▶ [Work order]: Could the lines from the line bearing "Комплект тормозных колодок, дисковый" to the end of the records below be copied exactly, with the pictures left out and no other lines added?

── Dataset excerpts

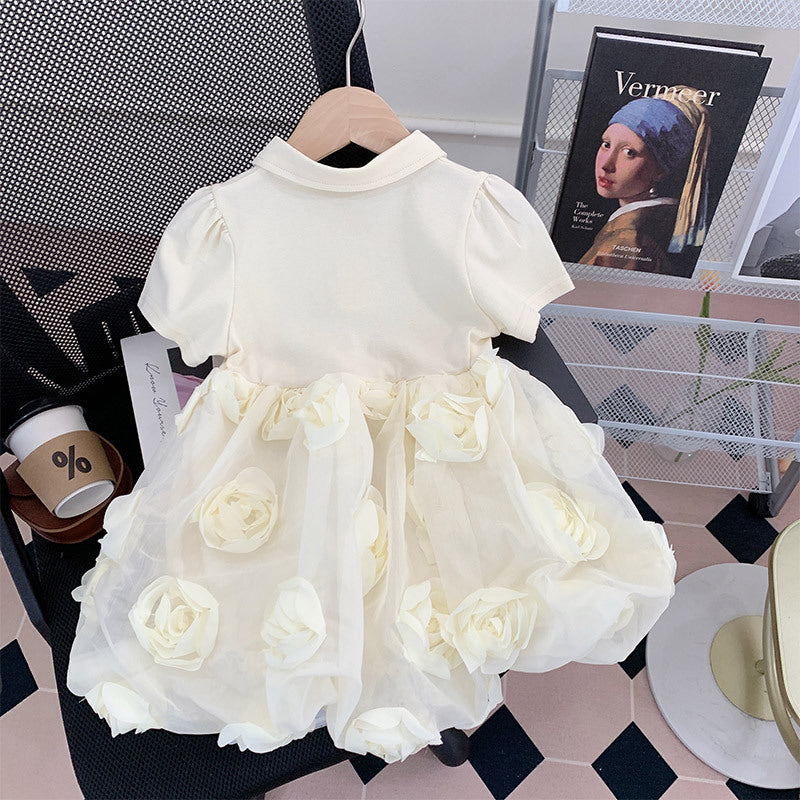Vestido Infantil Golinha Flores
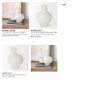 70346 - Heket Short White Glass Vase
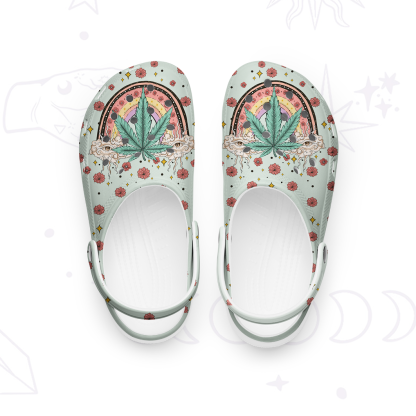 Purplehecate Drugs Not Hugs Rubber Clogs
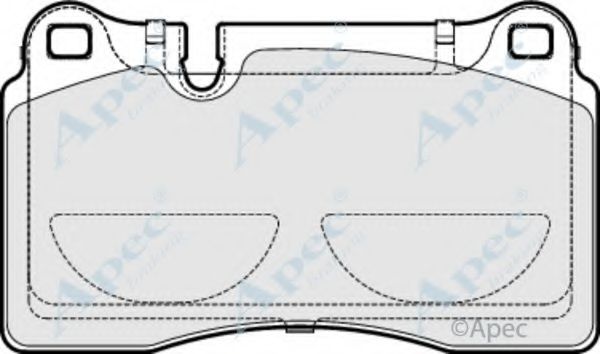 Комплект тормозных колодок, дисковый тормоз APEC braking PAD1891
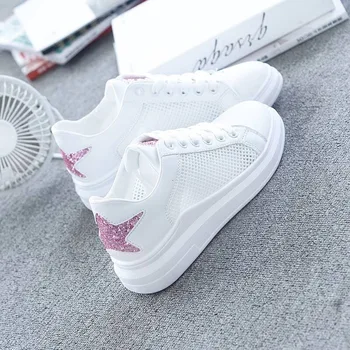 

LIAOCHI 2019 Hot Sale Women Sneakers Fashion Lightweight Mesh Flat Spring Summer Female Vulcanize Shoes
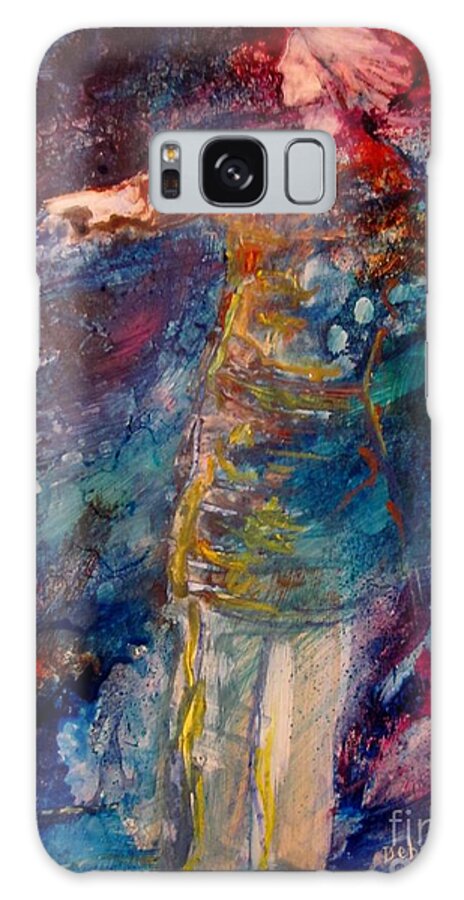 Water Galaxy Case featuring the painting Walking On Water by Deborah Nell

────

▶ [Written reply]:
 Комплект тормозных колодок, дисковый тормоз APEC braking PAD1891

LIAOCHI 2019 Hot Sale Women Sneakers Fashion Lightweight Mesh Flat Spring Summer Female Vulcanize Shoes
 Water Galaxy Case featuring the painting Walking On Water by Deborah Nell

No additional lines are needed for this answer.